Dabei entstehen auch im Silicon Valley keine Wundermaschinen. Kuri beispielsweise ist derzeit einer der meistgehypten Roboter für Privatkunden. Er erinnert in Gestalt und Größe an einen Pinguin, das Startup Mayfield Robotics hat ihn im Januar 2017 auf der CES vorgestellt. Was kann er? Vielleicht sprechen? „Nein, das kann Kuri natürlich nicht“, sagt Marketingchef Chris Matthews. Trotz der jüngsten Erfolge im maschinellen Lernen gibt Kuri nur roboterartige Laute von sich. Er kann auf Wunsch beispielsweise Musik abspielen, seinen Besitzer informieren, falls eine bestimmte Person das Haus betritt. Kuri lässt sich per Smartphone fernbedienen, wenn sein Besitzer nicht zu Hause ist. Dann kann dieser durch Kuris Kamera-Augen schauen und durch seinen Lautsprecher reden. Während Forscher davon schwärmen, wie eine KI-Methode namens Deep Learning die Spracherkennung vorantreibt, verzichten die Praktiker lieber noch auf sie.

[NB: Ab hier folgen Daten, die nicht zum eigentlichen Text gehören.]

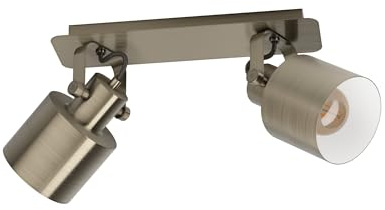 Eglo Spotlight bar Southery | ceiling light fitting with 2 adjustable spot lights, elegant living room lamp made of burnished metal, track lighting with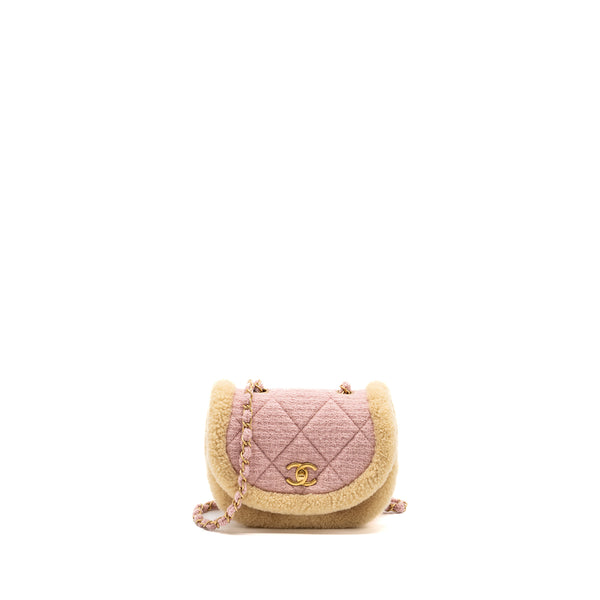 Chanel 22K Cozy coco round flap bag tweed/ shearling Pink GHW(microchip)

Wir müssen uns einen Umstand eingestehen: Wirklich bahnbrechende Erfindungen fallen unglaublich schwer. Selbst unter Mithilfe von künstlicher Intelligenz wird sich der Prozess nicht beschleunigen lassen. Vielleicht könnte diese Technologie sogar das Gegenteil bewirken. „Sie könnte für eine Verlangsamung der Entwicklung sorgen, weil sie auf Basis von Daten aus der Vergangenheit lernt“, fürchtet Daimler-Zukunftsforscher Mankowsky. Konsequent zu Ende gedacht sei eine Zukunft mit künstlicher Intelligenz eine Wiederholung des ewig selben. „Wenn man zehn Rembrandts hat, kann man den elften automatisch malen.“ Filme und Fernsehserien könnten zwar auf der Basis von KI geschrieben werden – aber mit dem Ergebnis, dass alle ähnlich wären. „KI ist das Gleiche in Varianten“, sagt Mankowsky. Computer haben keine Visionen. Und sie sind nicht innovativ. Menschen sind es – aber dafür brauchen sie Zeit. Der Befehl, schneller zu denken, hat noch nie zum Ziel geführt.